1971. De studentendecaan
Hans Garritsen ging in 1971 theologie studeren. In zijn boek: 'Wederwaardigheden en reflecties van een student theologie in de zeventiger jaren' doet hij verslag van zijn eerste schreden op de theologische facuiteit. Op bezoek bij de toenmalige studentendecaan (blz 17-21).
Door Hans Garritsen
Ik deed de boodschappen. Bruine bonen, uien, gehakt. En twee pakjes Van Nelle. Het smaakte goed die avond (ook de Van Nelle). Na het bier legde ik mijn slaapzak op de geleende matras en viel als een blok in slaap. De volgende ochtend had ik een afspraak met de studentendecaan van de Theologische Faculteit. Ik zag tegen dit gesprek op. Het was mijn eerste kennismaking met het academische milieu. |
Eigenlijk was dit thuis nooit als mogelijke omgeving voor mij of mijn familie aan de orde geweest. Wij hadden niemand die gestudeerd had. Ja, heeroom. Maar hij was beslist geen studeerkamergeleerde. Je kon er gewoon mee praten. Ergens was studeren boven ons niveau. Wie voor een dubbeltje geboren was, werd nooit een kwartje...
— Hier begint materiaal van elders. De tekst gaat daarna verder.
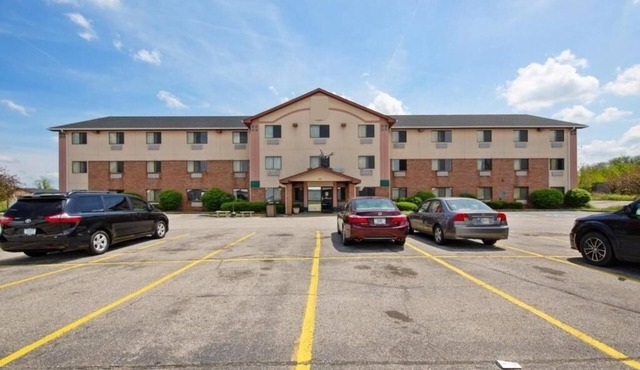 Budget and Pet-Friendly Stay Near Beaches, Parks & Outlet Shopping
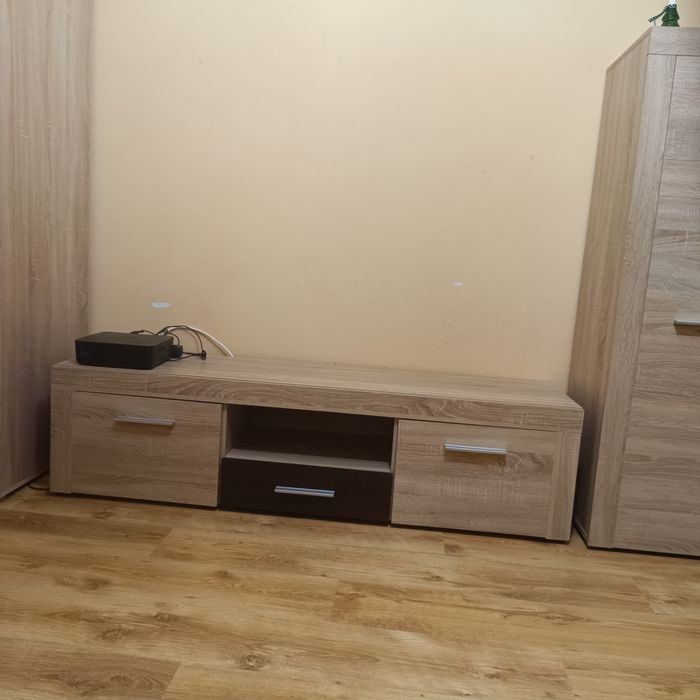 Sprzedam meble cała meblościanka i wersalke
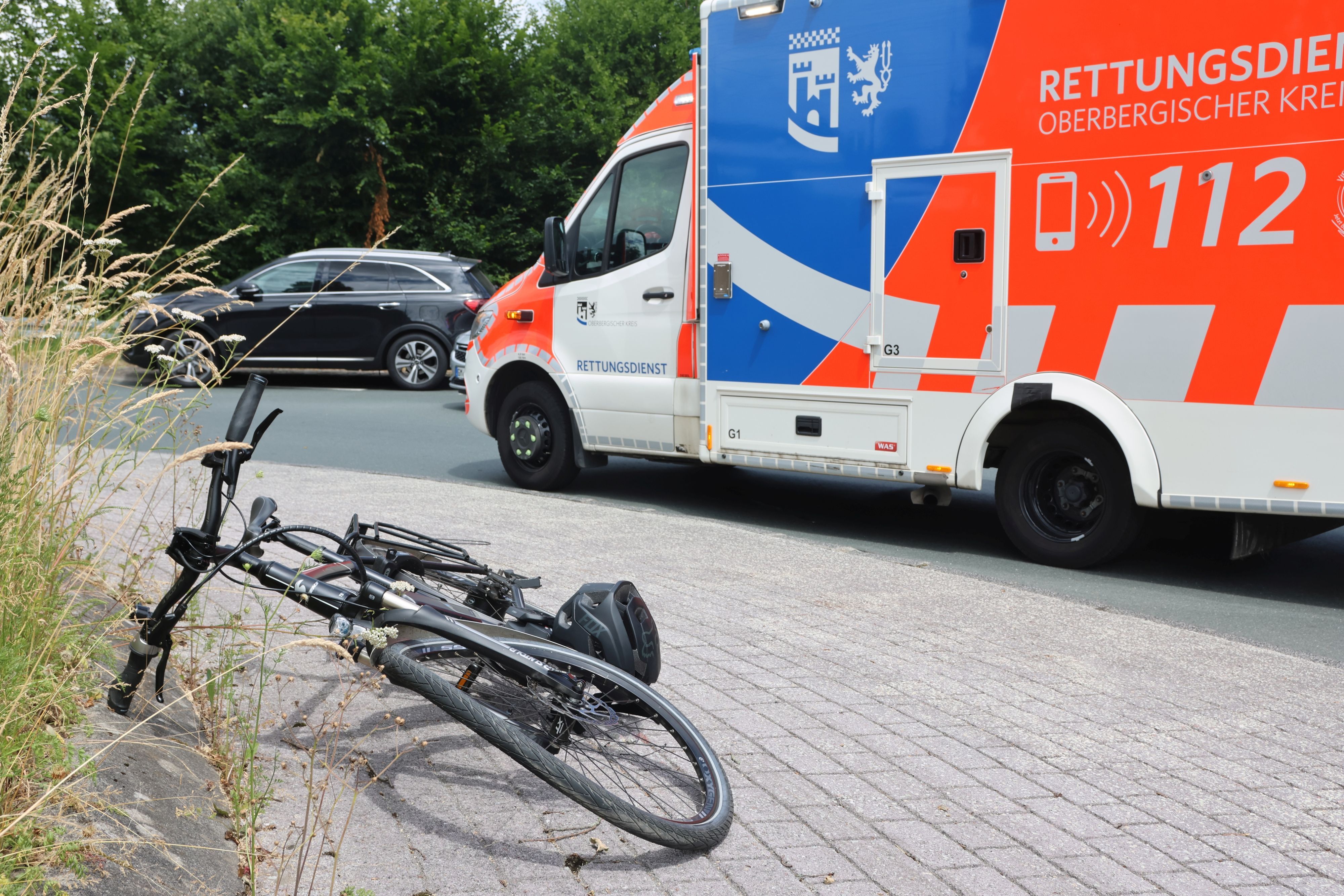 Ein Rettunsgdienst an einem Unfallort mit einem Fahrrad.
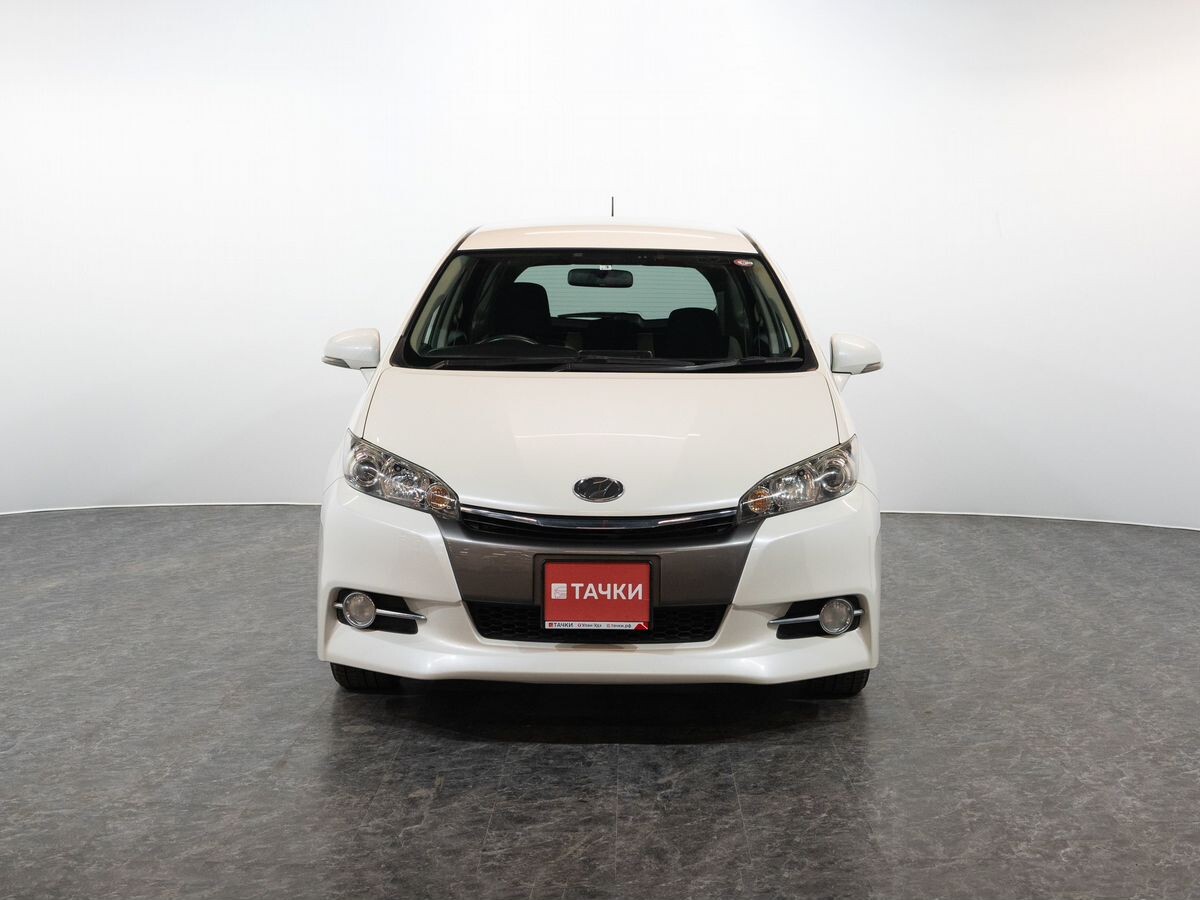 Toyota Wish 2013 - фото автомобиля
Hoe dan ook, die dag beklom ik zomaar de jaren dertig kloostertrap naar de eerste verdieping. De faculteit was gevestigd in het Albertinum, het grote dominicanenklooster in Nijmegen. Een deel daarvan werd verhuurd aan de universiteit. Ik klopte op de eerste deur rechts. "Binnen", riep een stem.
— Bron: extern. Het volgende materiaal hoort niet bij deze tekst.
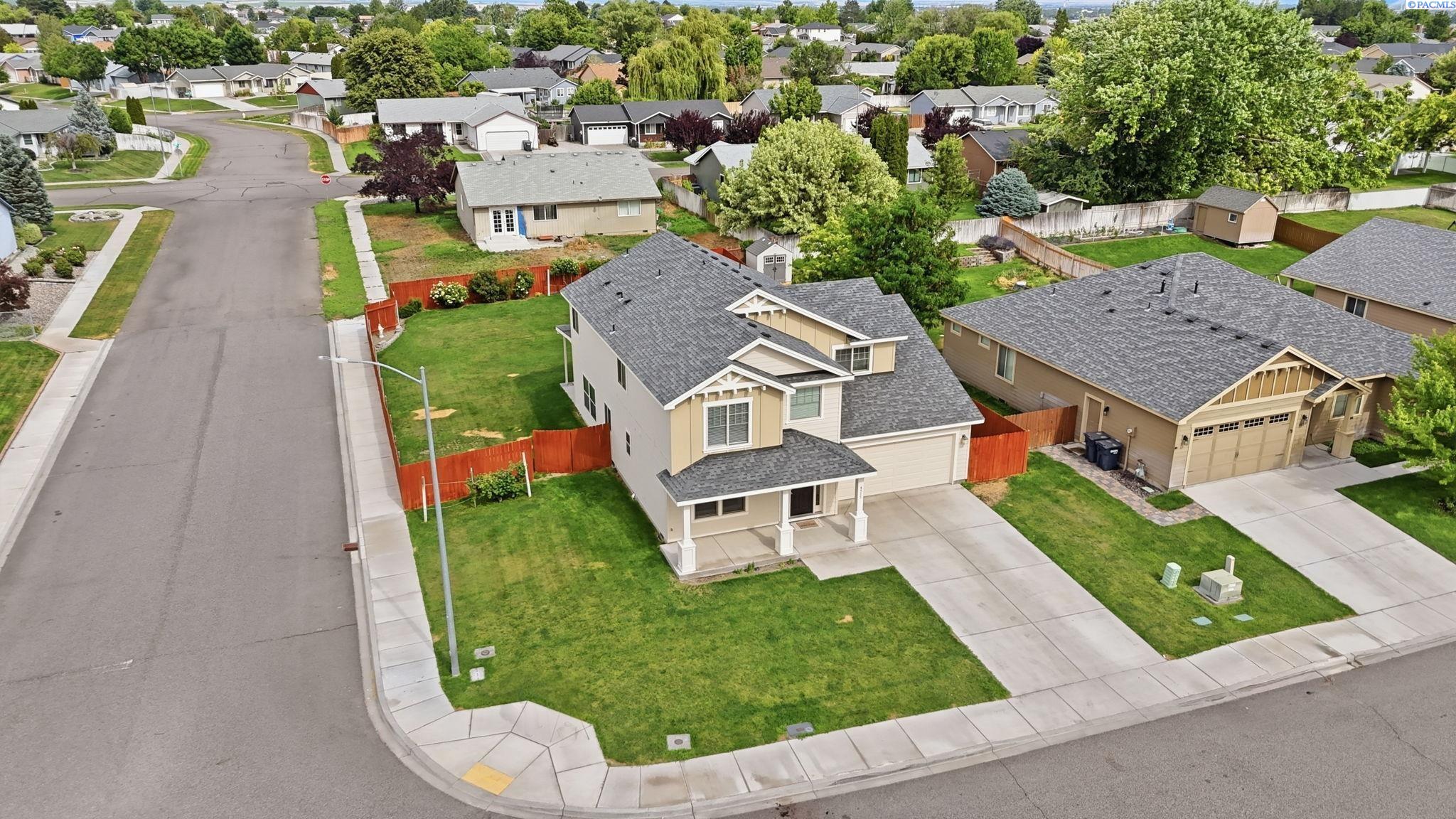 4515 Phoenix Ln, Pasco, WA 99301
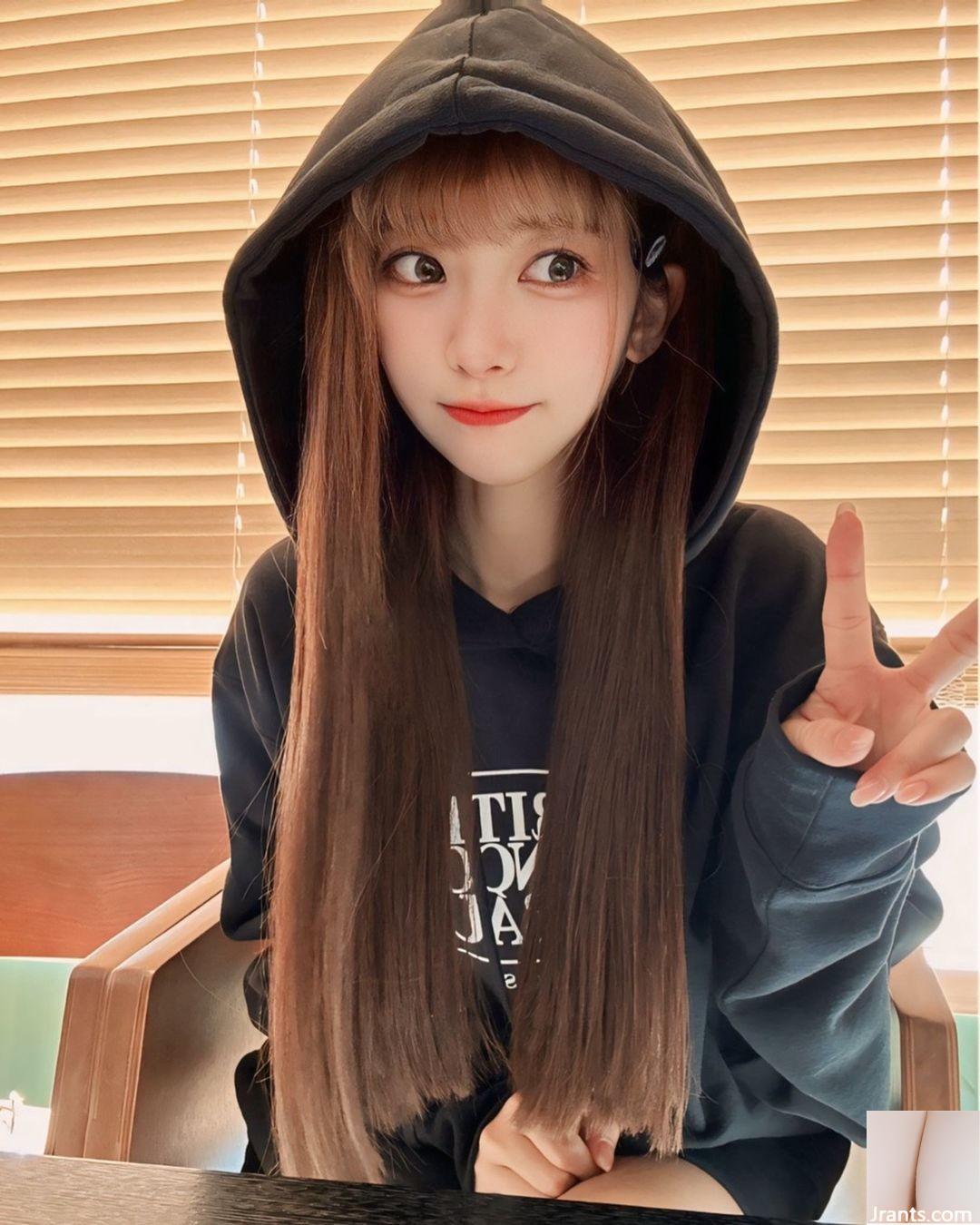 Khí chất xinh đẹp “GU Sweetheart” gây ấn tượng sâu sắc với khuôn mặt trắng trẻo ngay từ cái nhìn đầu tiên (35P) - Ảnh 25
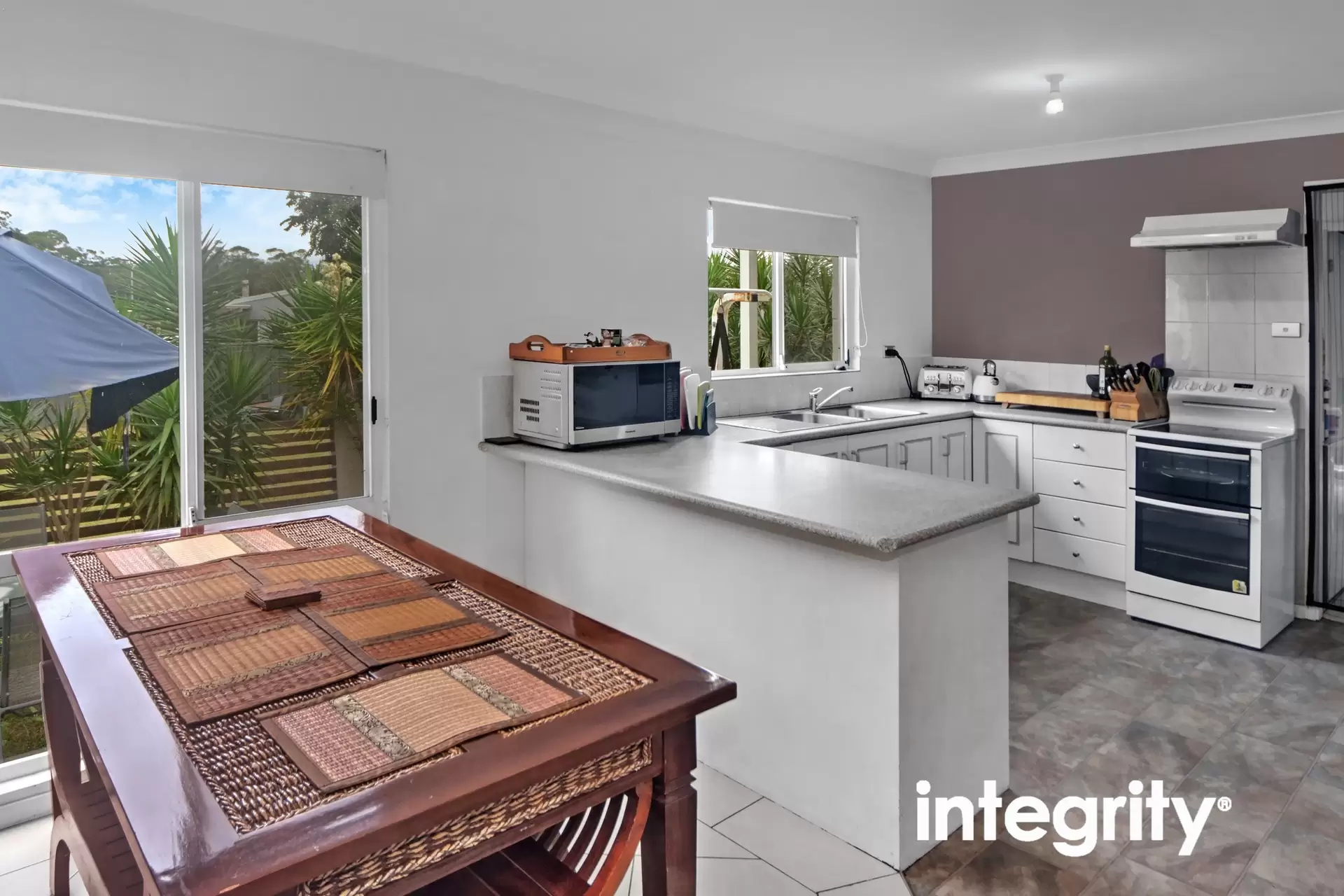 16 Maybush Way, West Nowra Sold by Integrity Real Estate - image 5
In een smal kamertje zat achter het bureau de decaan in hemdsmouwen. Klein, stevig, bezweet. Voorzien van een indrukwekkende bril. Hij nam mij van boven tot onder nieuwsgierig op. Dun, vlassig haar en dito baardje, een ziekenfondsbrilletje, T-shirt, spijkerbroek en sandalen. Dat was wat hij voor zich zag. Ik bleef staan, omdat hij mij niet onmiddellijk vroeg te gaan zitten.
Ik kreeg een tamelijk slap handje en vreesde even, dat deze zou losschieten als ik hard trok. "Ga zitten", zei hij. "Mijn naam is Anton Dupré. Koffie?" Ik knikte. Hij verdween en kwam even later weer terug met een plastic beker met koffie. "Dus je wilt theologie studeren? Waarom?"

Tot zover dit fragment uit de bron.